Aim of the task:
Please copy exactly the lines that run from the start of the entries to the line containing "A sinful woman", inclusive.

Records excerpted from a collection:
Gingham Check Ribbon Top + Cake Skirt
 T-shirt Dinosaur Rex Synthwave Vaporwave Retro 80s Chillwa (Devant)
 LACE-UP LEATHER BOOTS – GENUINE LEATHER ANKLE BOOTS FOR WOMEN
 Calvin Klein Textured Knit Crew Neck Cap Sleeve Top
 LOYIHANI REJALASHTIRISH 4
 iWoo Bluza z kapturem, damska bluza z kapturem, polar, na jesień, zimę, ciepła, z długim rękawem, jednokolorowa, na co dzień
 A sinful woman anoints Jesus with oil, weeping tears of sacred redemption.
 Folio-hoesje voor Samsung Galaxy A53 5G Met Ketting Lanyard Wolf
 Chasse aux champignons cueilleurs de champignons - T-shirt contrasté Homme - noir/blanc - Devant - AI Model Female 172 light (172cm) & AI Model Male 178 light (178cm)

Finished exercise:
Gingham Check Ribbon Top + Cake Skirt
 T-shirt Dinosaur Rex Synthwave Vaporwave Retro 80s Chillwa (Devant)
 LACE-UP LEATHER BOOTS – GENUINE LEATHER ANKLE BOOTS FOR WOMEN
 Calvin Klein Textured Knit Crew Neck Cap Sleeve Top
 LOYIHANI REJALASHTIRISH 4
 iWoo Bluza z kapturem, damska bluza z kapturem, polar, na jesień, zimę, ciepła, z długim rękawem, jednokolorowa, na co dzień
 A sinful woman anoints Jesus with oil, weeping tears of sacred redemption.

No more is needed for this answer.